Lewis Merletti, the Secret Service director who tried unsuccessfully to keep his agents from testifying in the Monica Lewinsky investigation, is retiring to coordinate security for the new Cleveland Browns.
Merletti, who protected Presidents Reagan, Bush and Clinton, will become the Browns vice president and director of stadium and security affairs.
Clinton said in a statement Thursday: "On behalf of everyone who has felt the reassurance of being in the care of Lew Merletti and the Secret Service agents he led, I want to thank this distinguished director for his remarkable devotion to duty and country.

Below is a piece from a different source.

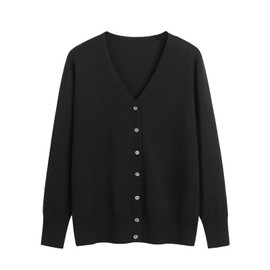 Blostirno Women's V-Neck Knit Cardigan, Cotton, Plain, Thick, Office, Loose, Spring and Autumn, Black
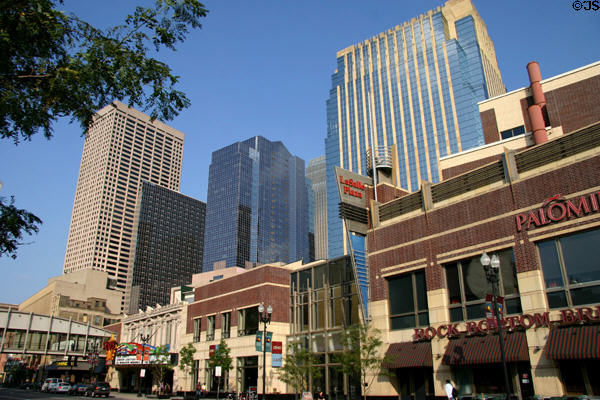 City skyline over Hennepin Theater district. Minneapolis, MN.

I will miss him very much."
The Browns scheduled an afternoon news conference to introduce Merletti.
Browns president Carmen Policy called his newest hire an "outstanding manager who has demonstrated sound judgment throughout his career, often under the most demanding conditions."
Merletti has served almost 25 years, becoming director of the Secret Service June 6, 1997. He headed the Treasury Department's investigation of the 1993 Branch Davidian standoff in Waco, Texas.
As director of the Secret Service, he argued that allowing agents to testify in the Lewinsky investigation would endanger future presidents. He reasoned that a president who did not trust the discretion of his protectors would try to keep his distance from them.
The original Browns moved to Baltimore after the 1995 season. An expansion franchise is to begin playing in 1999.